The conversation quickly focused on how to get to 100 percent. Staff looked at the barriers to hand hygiene and implemented solutions. More washing and hand sanitizer stations were added. Patients were encouraged to ask clinicians to wash their hands. "Secret shoppers" looked for compliance. Most importantly, proper hygiene became part of everyone's job description, including Dalton's. In 2008, an employee was fired for failing to comply.
Hand hygiene compliance now ranges between 95 and 98 percent.
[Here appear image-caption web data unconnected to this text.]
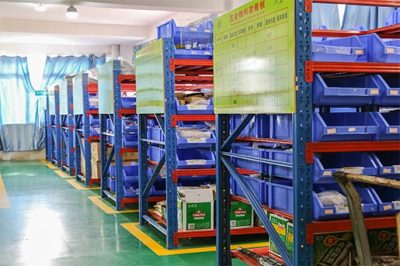 OEM vs ODM: Which Model Is Right for Your Leather Goods Business?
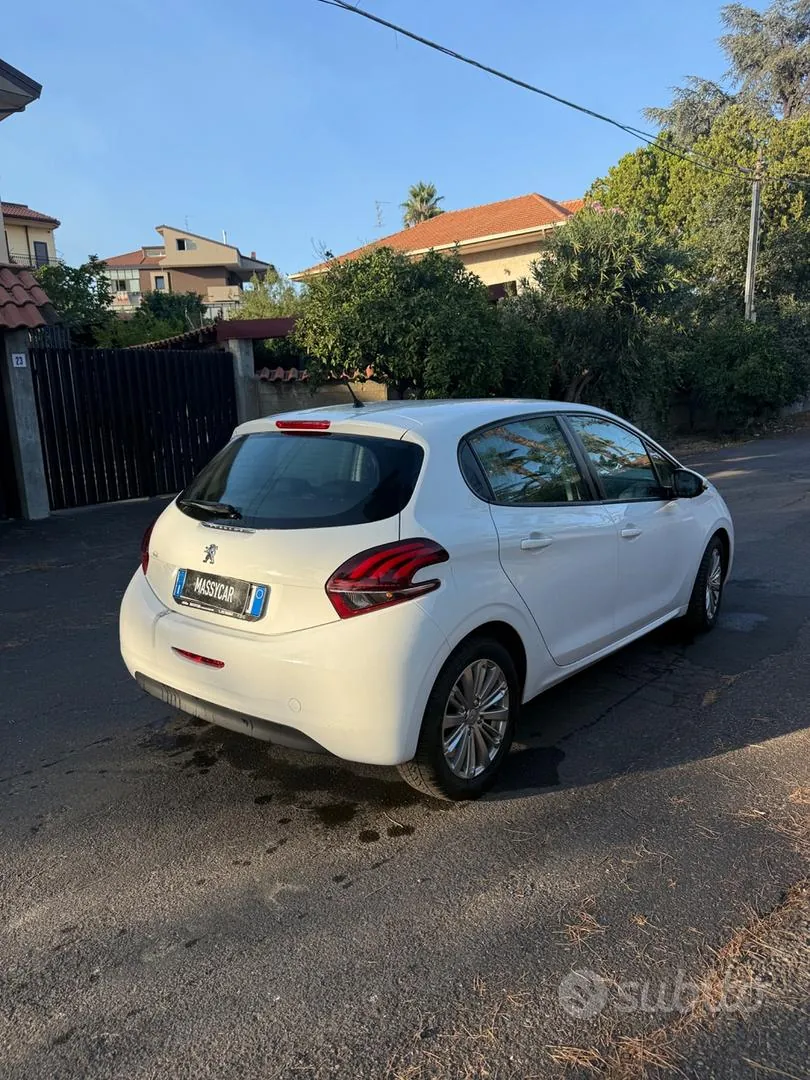 Peugeot 208 2017 photo 3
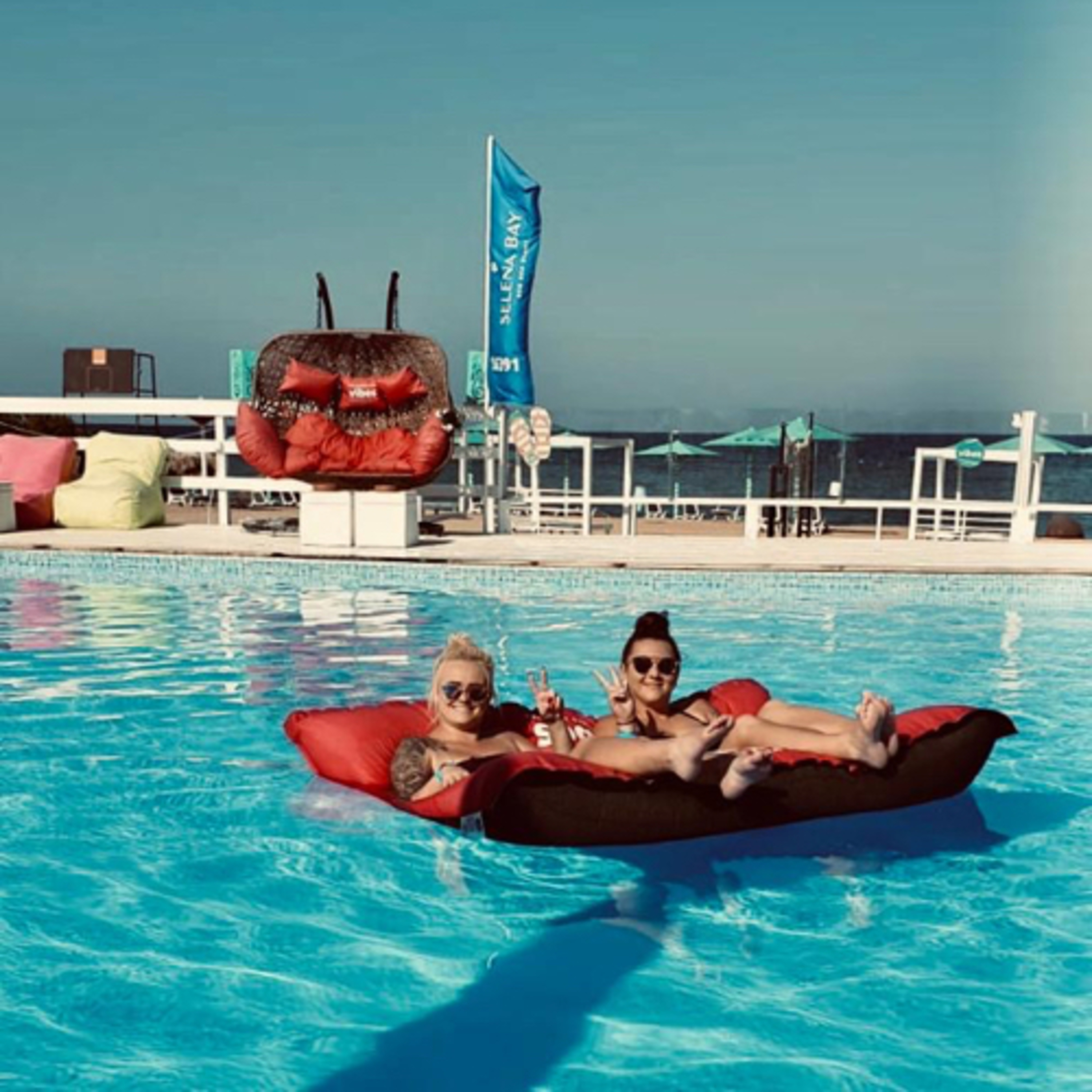 Vitamin (red) sea cover art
Dalton says that is proof that you can "hardwire" a safety goal.
'This Is What We Want'
There were questions during the early discussions with system executives and the board, Hood says. "Some board members wondered if we really wanted to say something like [we'll eliminate errors] and what if we didn't make the goal?" But ultimately, she says, "the board said, 'This is great, this is what we want.' There really wasn't a need to talk anybody into it."
Board Chair George Eaton II, a partner at the law firm Rudman & Winchell, says the board quickly became interested in how to build appropriate measures, accountability and transparency. From a measurement standpoint, EMHS no longer compares error rates against other hospitals, but rather tracks its own raw data and reports that to the board. Rates or comparative data more easily can be discounted, especially in a rural setting where the number of cases for a certain incident may not be statistically valid or a single case can skew the percentage. But with raw numbers, Dalton says, "that patient mattered to someone."
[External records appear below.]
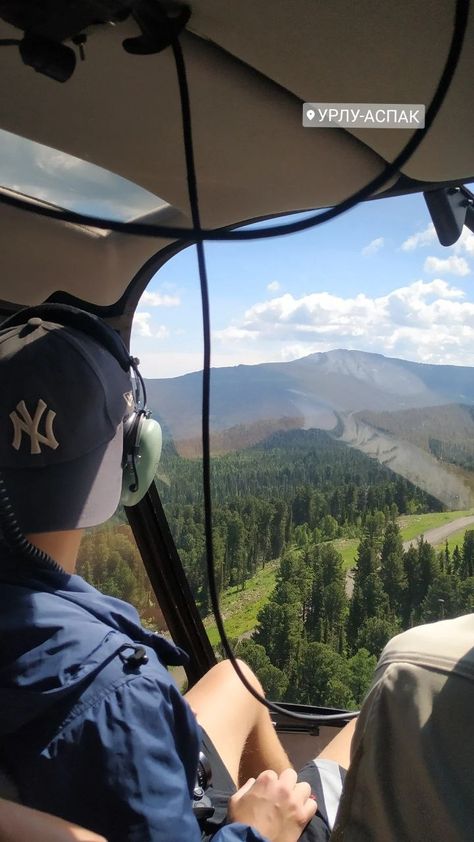 Travel Guy Aesthetic, Male Pilot Aesthetic, Pilot Man Aesthetic, Pilot Boyfriend Aesthetic, Airline Pilot Aesthetic, Helicopter Date, Pilot Boyfriend, Men Haircut Curly Hair, Airline Pilot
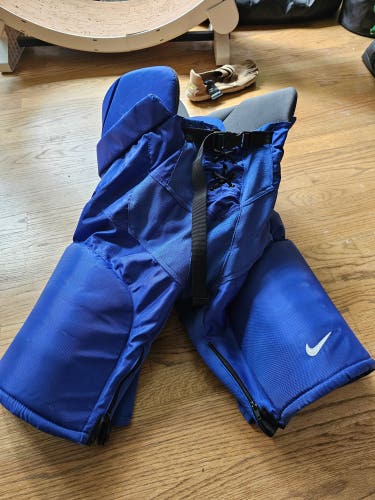 Men's Senior Medium Nike Ignite Hockey Pants Pro Stock (Used)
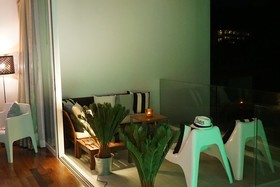 Q Residence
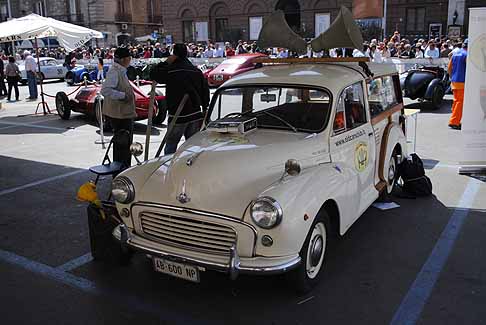 Monoposto storica - Vettura con megafono della Old Cars Club organizzatrice del Gran Premio di Bari width=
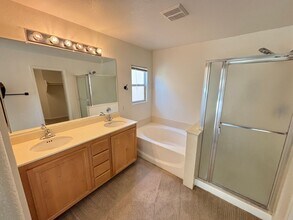 108 Country Greens Ave in Las Vegas, NV - Building Photo - Building Photo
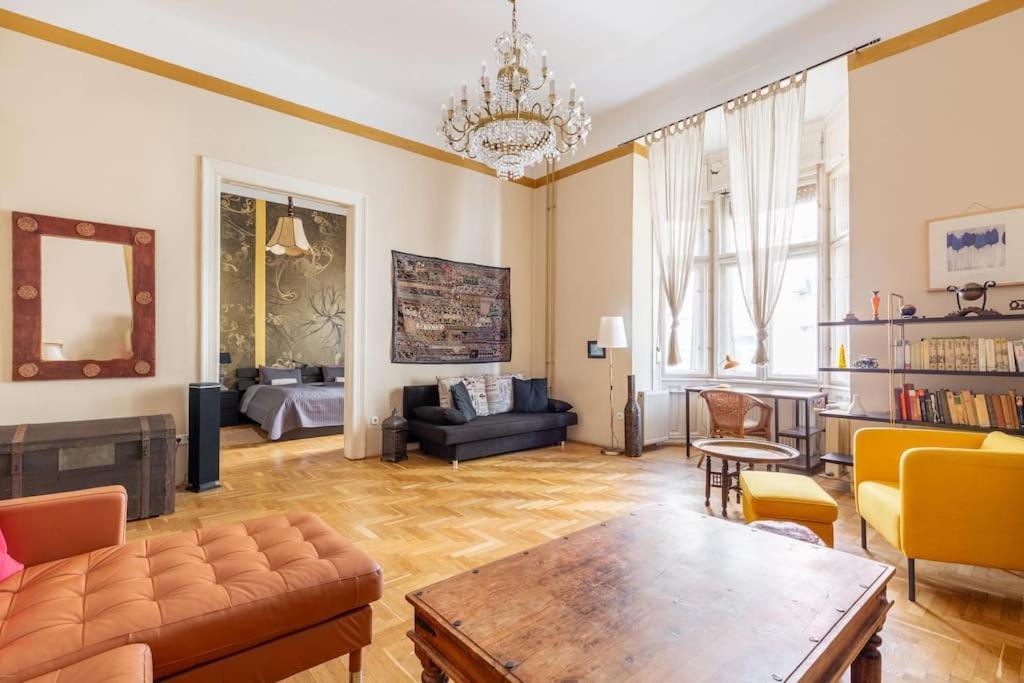 Bourgeois Boheme Apt. 88 M² City Center Budapest Exterior photo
On accountability, compensation across the system is aligned with the goals. "I offered that up," says Hood, noting that an incentive compensation had been in place for a while, but is now extended to include the safety goals. "Depending on where you are in the hierarchy, more compensation is at risk," Hood says. "It gets the attention of senior leaders. A leader of a subacute area may not have the same goals as the hospital CEO, but they do have quality goals."
Hood even applies this to the business office. There's a goal of zero errors in transcriptions, and materials management has a zero-error goal for fill rates, to name two areas. Hood says it is important to model this behavior if it is constantly being asked of the clinical staff.
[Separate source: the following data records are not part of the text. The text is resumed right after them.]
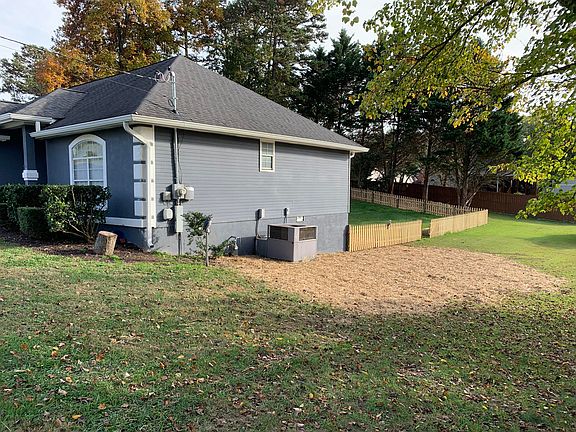 3rd image of 2324 Chimney Hills Dr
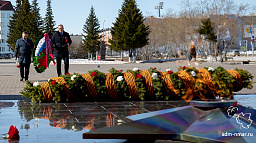Глава Нарьян-Мара почтил память героев Великой Отечественной войны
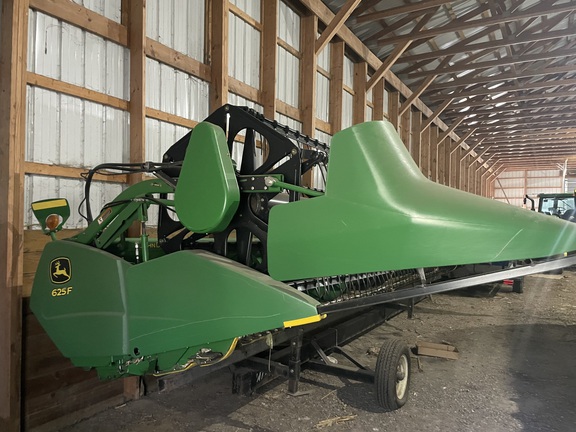 2010 John Deere 625F Header Combine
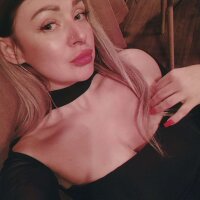 SylviaWhitehead's Offline XXX Chat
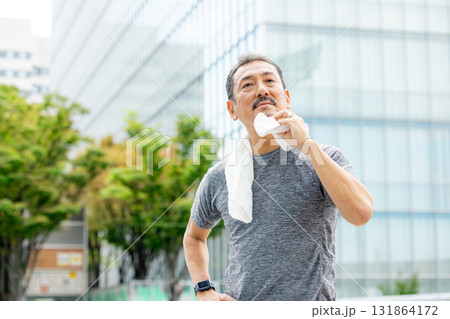 汗を拭くシニア男性 131864172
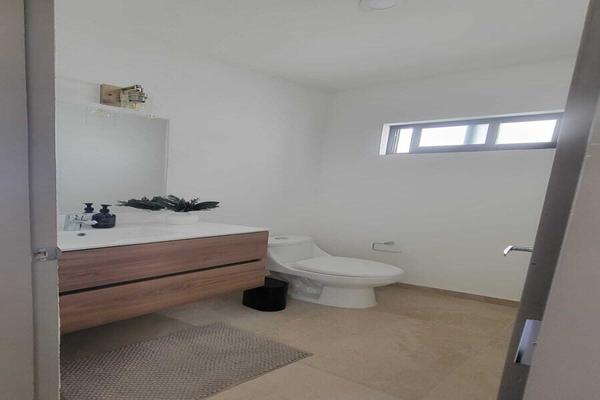 Foto de inmueble en Sorrento, Col. Residencial San Marino C.P. 22567, Tijuana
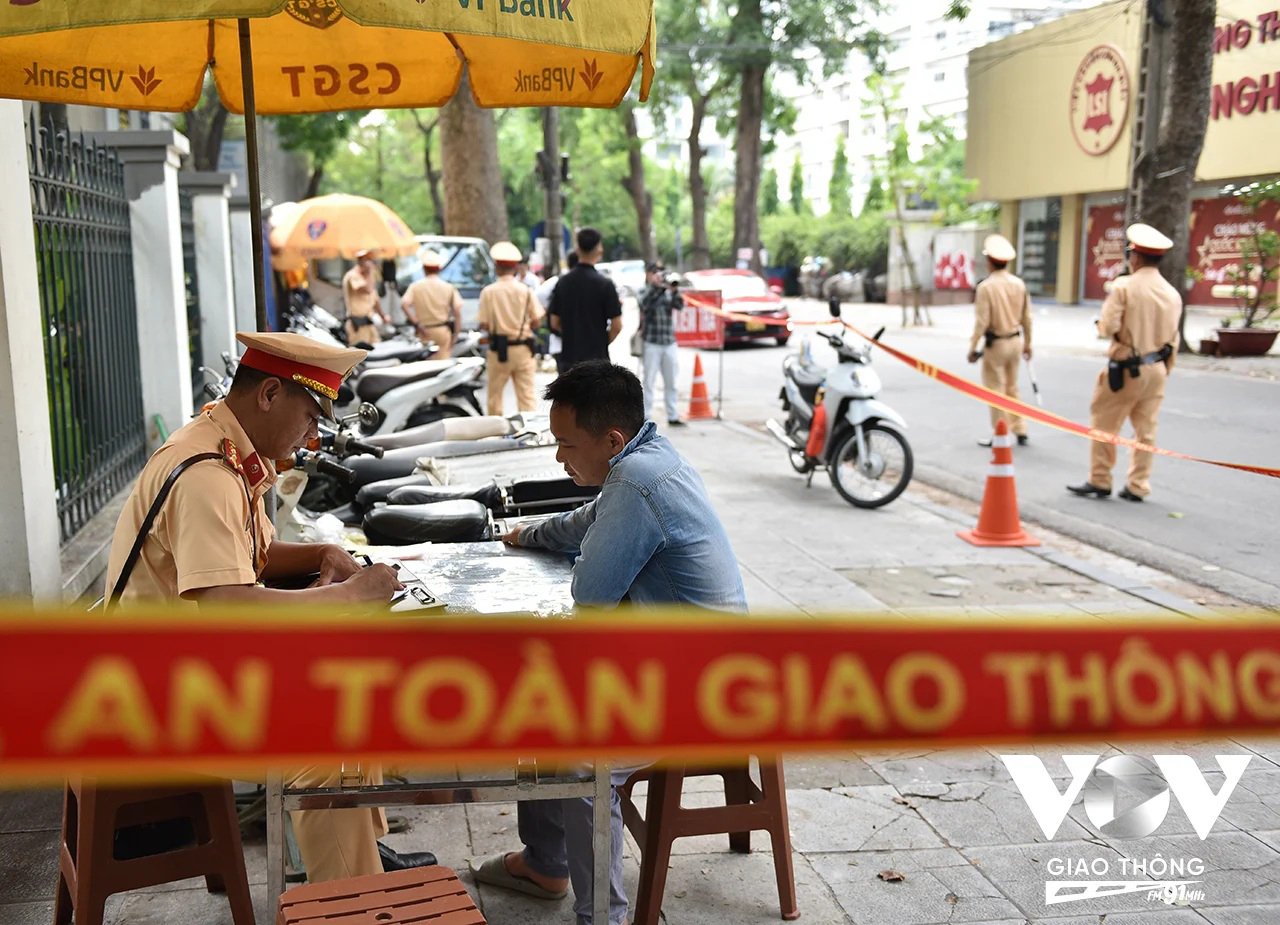 Tăng mức xử phạt có thể hiệu quả, nhưng không nên là giải pháp duy nhất để nâng cao ý thức giao thông - Ảnh minh họa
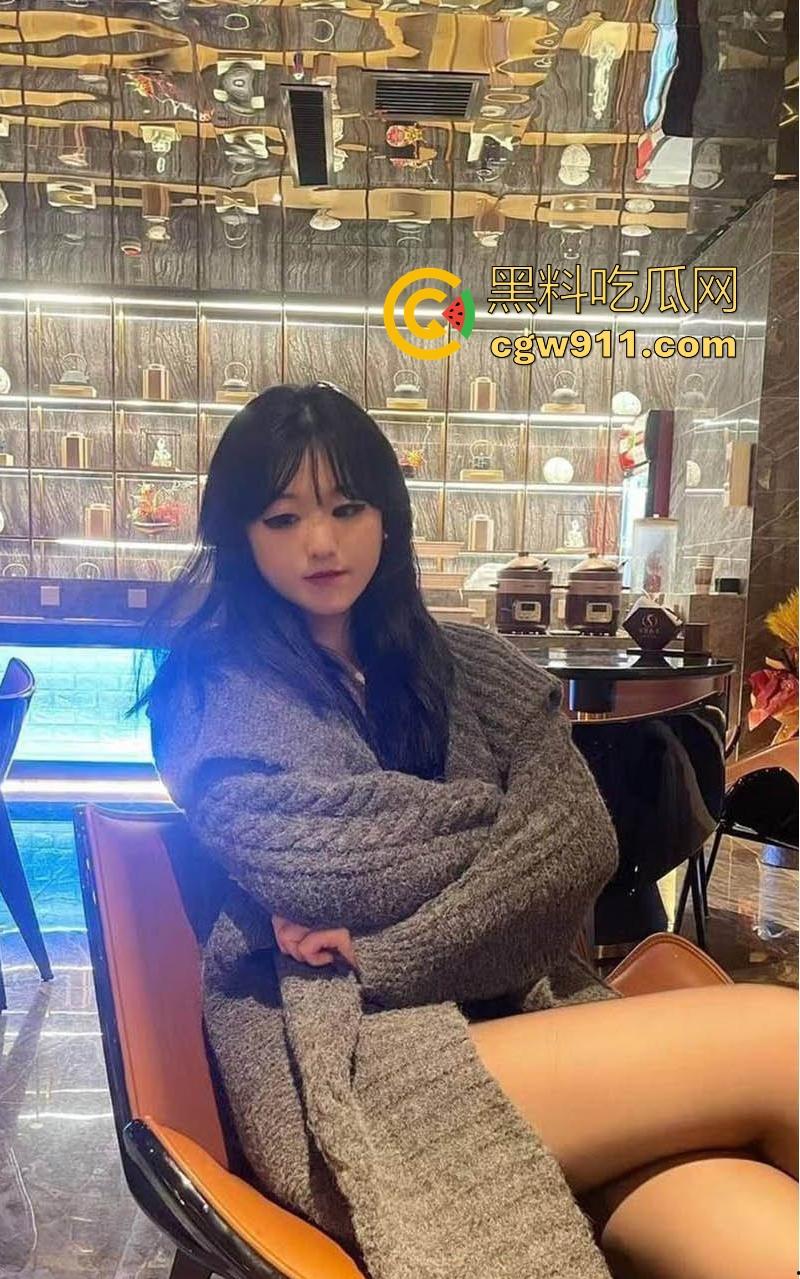 重庆工商大学可爱小萝莉【李嘉雯】与男友激情床战视频曝光，无套狠操骚穴，深喉口交浓精灌嘴，骚得一批！-1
Eaton is pretty blunt in explaining the board's view: "Michelle's annual job performance and goals are totally meshed with this proposition. If the goals aren't met, then she is not performing where we need her to perform." He is quick to add his support for Hood and the job she's doing. He believes the system is about 80 percent of the way toward making a full cultural shift, and that the final 20 percent will be aided by technology upgrades, including expanding health information technology to all the facilities. Currently, only two hospitals have CPOE. The other five hospitals will start rolling it out this summer. He also believes the system has to do more to standardize care and reduce variation among locations.
Transparency often can be the hardest part of the accountability equation, but Dalton says it is a critical part of the shift to a total culture change. In fact, he volunteered Inland Hospital in late 2006 to be the first in the system to post its quality and safety scores publicly. At the hospital's Quality Matters website, consumers can find performance data on core measures as well as safety indicators. So a visitor to the site can see that between October and December 2010, Inland was at 100 percent for pneumonia vaccinations, but at 70 percent for providing discharge instructions to heart failure patients. Or, that the hospital had two patient falls per 1,000 patient days. The target is zero. All seven hospitals now have a Quality Matters website where they post quality and safety data, as does the health system.
"It changed the conversation," Dalton says. "I really thought it was the right thing to do. Transparency was a way to shake up the conversation and drive change."